─── Records to process

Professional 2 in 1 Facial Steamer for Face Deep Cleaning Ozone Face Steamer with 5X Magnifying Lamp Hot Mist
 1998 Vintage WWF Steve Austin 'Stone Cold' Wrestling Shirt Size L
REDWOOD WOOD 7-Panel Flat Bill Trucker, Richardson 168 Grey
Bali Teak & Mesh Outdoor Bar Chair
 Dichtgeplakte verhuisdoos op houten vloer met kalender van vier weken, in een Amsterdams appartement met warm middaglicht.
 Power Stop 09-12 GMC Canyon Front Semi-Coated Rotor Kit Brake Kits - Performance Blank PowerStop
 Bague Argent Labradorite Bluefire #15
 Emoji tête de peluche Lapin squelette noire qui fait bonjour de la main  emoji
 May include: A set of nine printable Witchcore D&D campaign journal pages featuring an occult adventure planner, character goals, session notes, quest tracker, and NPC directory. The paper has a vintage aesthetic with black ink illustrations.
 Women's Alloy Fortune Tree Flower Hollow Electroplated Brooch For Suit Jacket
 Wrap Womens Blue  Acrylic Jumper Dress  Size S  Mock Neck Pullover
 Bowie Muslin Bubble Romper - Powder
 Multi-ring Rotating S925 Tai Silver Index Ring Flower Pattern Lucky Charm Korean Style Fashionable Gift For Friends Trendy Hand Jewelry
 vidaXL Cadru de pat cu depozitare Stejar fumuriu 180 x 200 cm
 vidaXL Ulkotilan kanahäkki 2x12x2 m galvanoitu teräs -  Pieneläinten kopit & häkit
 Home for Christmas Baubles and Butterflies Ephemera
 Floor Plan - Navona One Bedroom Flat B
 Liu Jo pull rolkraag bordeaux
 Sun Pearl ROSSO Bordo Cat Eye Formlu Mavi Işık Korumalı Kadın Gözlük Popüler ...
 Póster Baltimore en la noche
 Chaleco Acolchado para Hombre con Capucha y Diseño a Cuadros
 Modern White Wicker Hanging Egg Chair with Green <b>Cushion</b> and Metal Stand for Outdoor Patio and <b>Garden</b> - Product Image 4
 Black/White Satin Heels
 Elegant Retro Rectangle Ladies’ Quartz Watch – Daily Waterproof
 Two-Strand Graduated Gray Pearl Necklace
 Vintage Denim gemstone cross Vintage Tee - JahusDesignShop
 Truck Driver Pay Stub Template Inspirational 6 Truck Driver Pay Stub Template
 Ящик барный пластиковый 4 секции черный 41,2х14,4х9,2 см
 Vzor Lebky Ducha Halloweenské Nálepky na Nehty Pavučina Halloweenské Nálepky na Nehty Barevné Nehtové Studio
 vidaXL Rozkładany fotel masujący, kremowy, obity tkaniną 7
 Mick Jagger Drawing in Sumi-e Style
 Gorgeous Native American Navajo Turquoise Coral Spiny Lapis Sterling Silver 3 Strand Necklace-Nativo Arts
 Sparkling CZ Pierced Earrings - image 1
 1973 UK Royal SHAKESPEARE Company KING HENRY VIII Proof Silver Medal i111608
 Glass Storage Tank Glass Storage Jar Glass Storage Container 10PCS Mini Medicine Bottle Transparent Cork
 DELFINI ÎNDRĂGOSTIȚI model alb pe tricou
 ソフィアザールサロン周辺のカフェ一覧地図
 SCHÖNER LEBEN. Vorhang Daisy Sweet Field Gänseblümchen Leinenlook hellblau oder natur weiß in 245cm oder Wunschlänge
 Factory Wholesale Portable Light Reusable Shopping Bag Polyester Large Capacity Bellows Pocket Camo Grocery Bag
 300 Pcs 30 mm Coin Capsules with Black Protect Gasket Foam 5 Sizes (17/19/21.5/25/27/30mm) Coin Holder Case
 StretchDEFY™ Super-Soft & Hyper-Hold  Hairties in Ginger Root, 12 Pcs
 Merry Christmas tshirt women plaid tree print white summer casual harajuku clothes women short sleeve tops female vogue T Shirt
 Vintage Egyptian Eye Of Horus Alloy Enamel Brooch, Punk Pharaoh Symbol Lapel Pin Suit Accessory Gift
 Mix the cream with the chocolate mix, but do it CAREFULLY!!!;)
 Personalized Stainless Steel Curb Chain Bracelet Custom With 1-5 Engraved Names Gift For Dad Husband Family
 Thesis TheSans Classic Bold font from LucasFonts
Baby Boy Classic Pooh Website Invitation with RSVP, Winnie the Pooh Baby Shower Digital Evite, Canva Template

──────

Task objective
Repeat the records above line by line, from the first line through the line that contains "Women's Alloy Fortune".

Response to the exercise
Professional 2 in 1 Facial Steamer for Face Deep Cleaning Ozone Face Steamer with 5X Magnifying Lamp Hot Mist
 1998 Vintage WWF Steve Austin 'Stone Cold' Wrestling Shirt Size L
REDWOOD WOOD 7-Panel Flat Bill Trucker, Richardson 168 Grey
Bali Teak & Mesh Outdoor Bar Chair
 Dichtgeplakte verhuisdoos op houten vloer met kalender van vier weken, in een Amsterdams appartement met warm middaglicht.
 Power Stop 09-12 GMC Canyon Front Semi-Coated Rotor Kit Brake Kits - Performance Blank PowerStop
 Bague Argent Labradorite Bluefire #15
 Emoji tête de peluche Lapin squelette noire qui fait bonjour de la main  emoji
 May include: A set of nine printable Witchcore D&D campaign journal pages featuring an occult adventure planner, character goals, session notes, quest tracker, and NPC directory. The paper has a vintage aesthetic with black ink illustrations.
 Women's Alloy Fortune Tree Flower Hollow Electroplated Brooch For Suit Jacket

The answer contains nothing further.